• Task description:
Exactly reproduce the lines from the one containing "BUDI95 bukti keprihatinan kerajaan" through the last line of the data, both ends included, leaving out pictures.

(Caption-style text data)
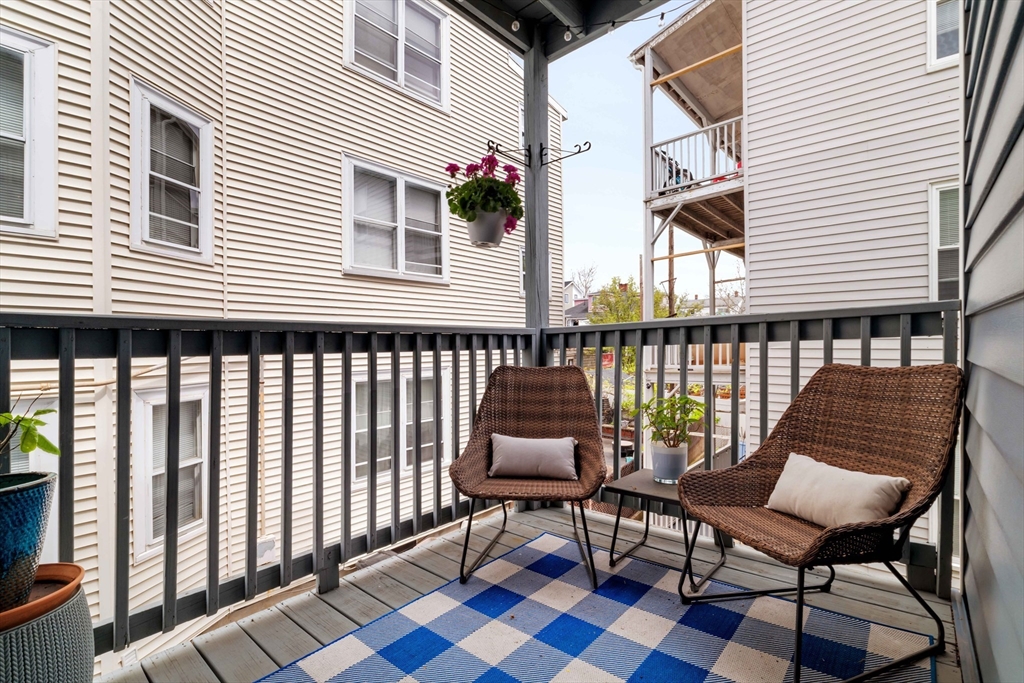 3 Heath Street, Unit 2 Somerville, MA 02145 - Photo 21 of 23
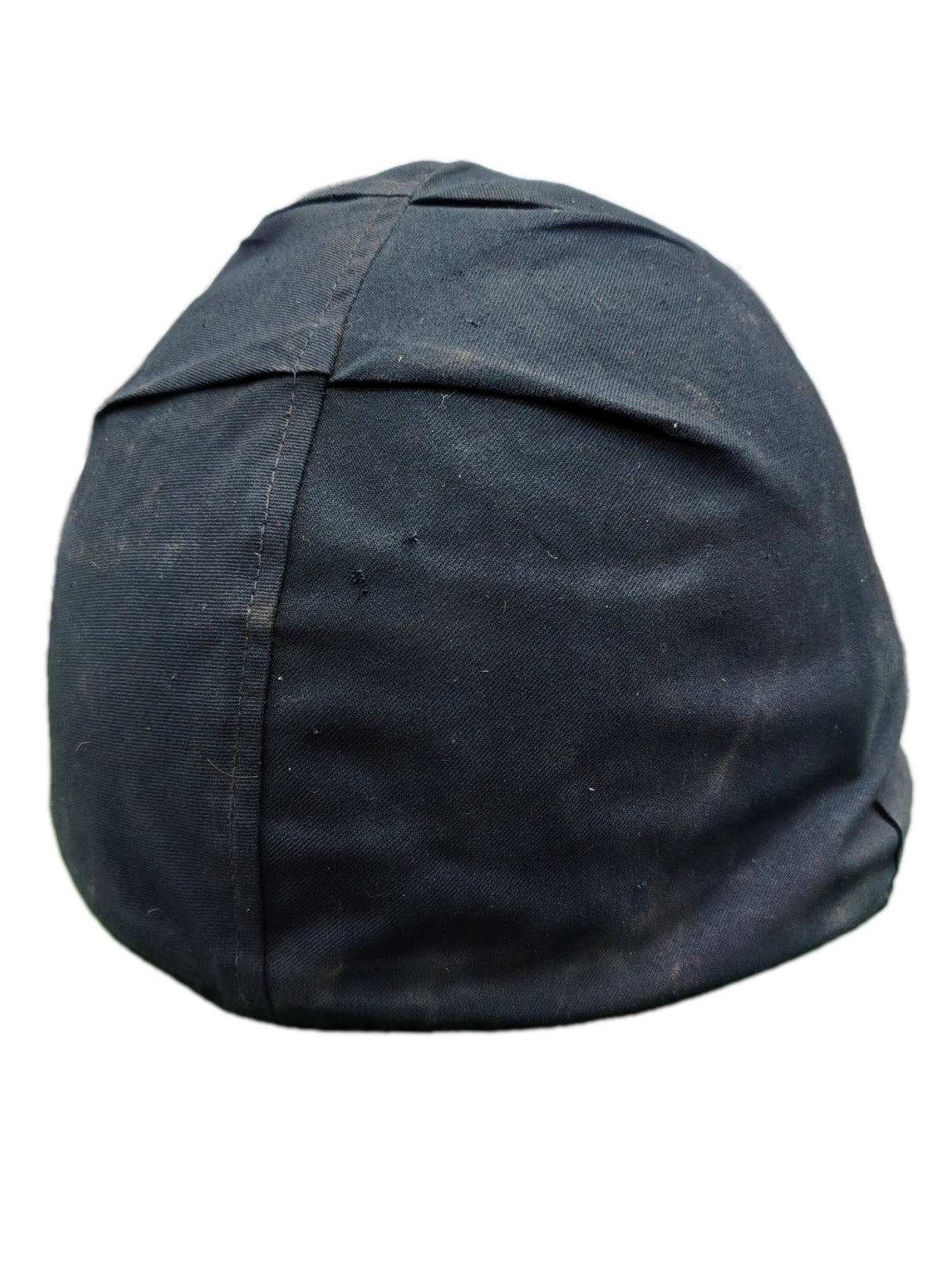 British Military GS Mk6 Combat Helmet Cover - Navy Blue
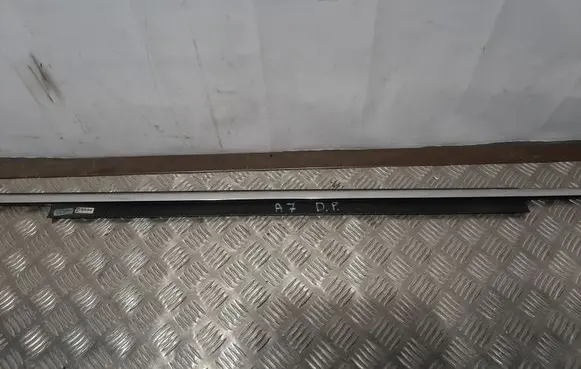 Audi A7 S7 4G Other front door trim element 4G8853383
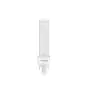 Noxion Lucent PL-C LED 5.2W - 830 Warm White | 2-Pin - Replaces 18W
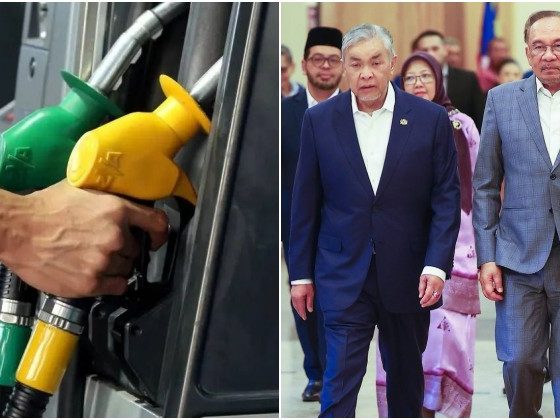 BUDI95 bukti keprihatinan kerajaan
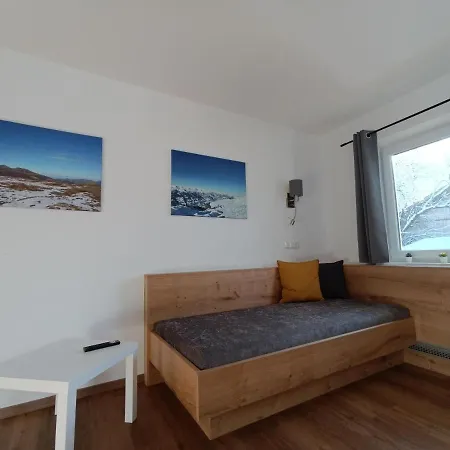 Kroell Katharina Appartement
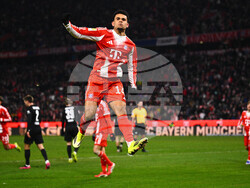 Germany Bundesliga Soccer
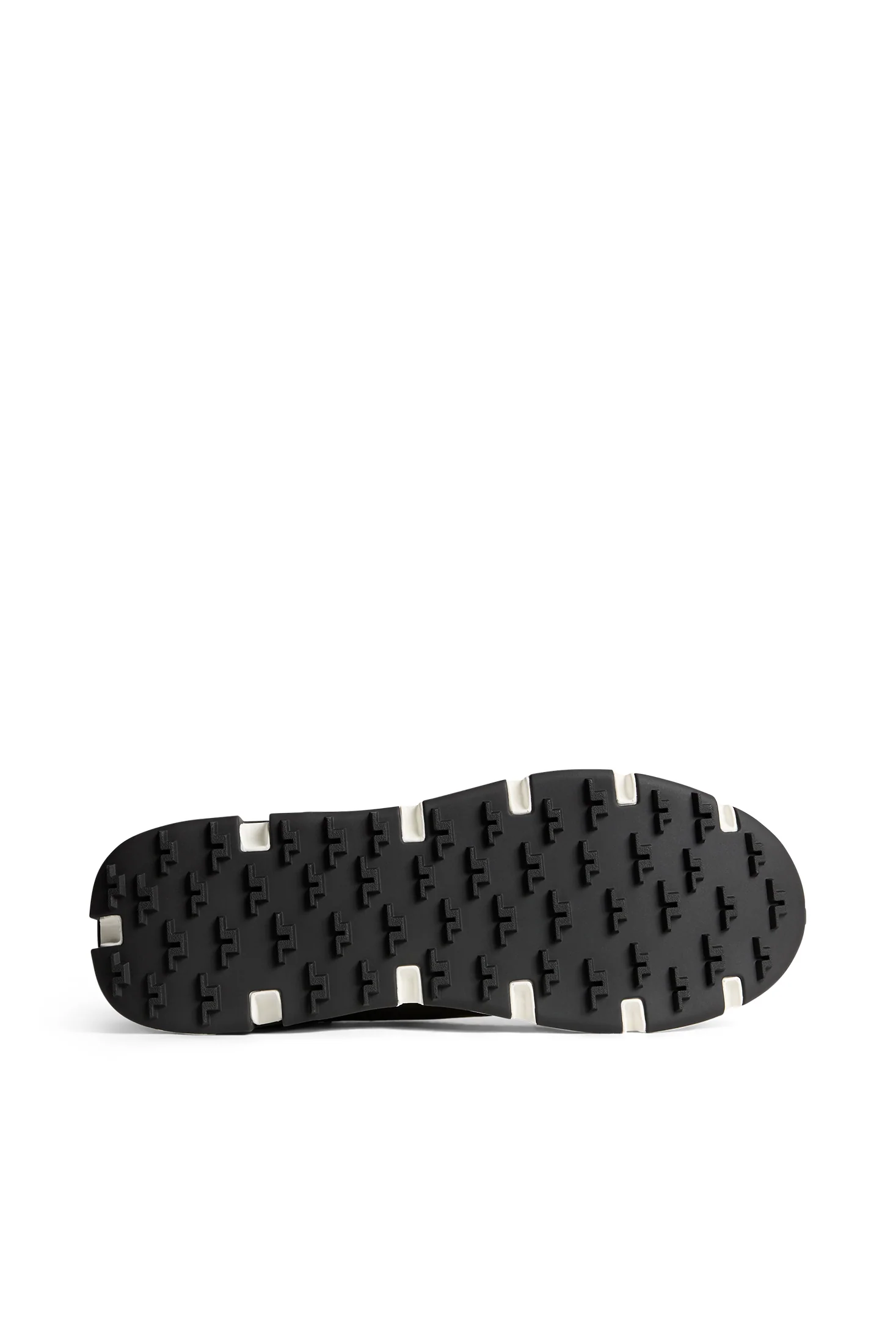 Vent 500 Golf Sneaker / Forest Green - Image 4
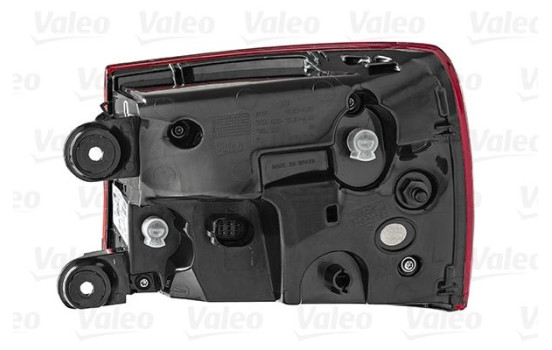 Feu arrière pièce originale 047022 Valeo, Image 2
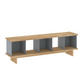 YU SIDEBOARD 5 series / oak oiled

• Output for this exercise:
 BUDI95 bukti keprihatinan kerajaan
 Kroell Katharina Appartement
 Germany Bundesliga Soccer
 Vent 500 Golf Sneaker / Forest Green - Image 4
 Feu arrière pièce originale 047022 Valeo, Image 2
 YU SIDEBOARD 5 series / oak oiled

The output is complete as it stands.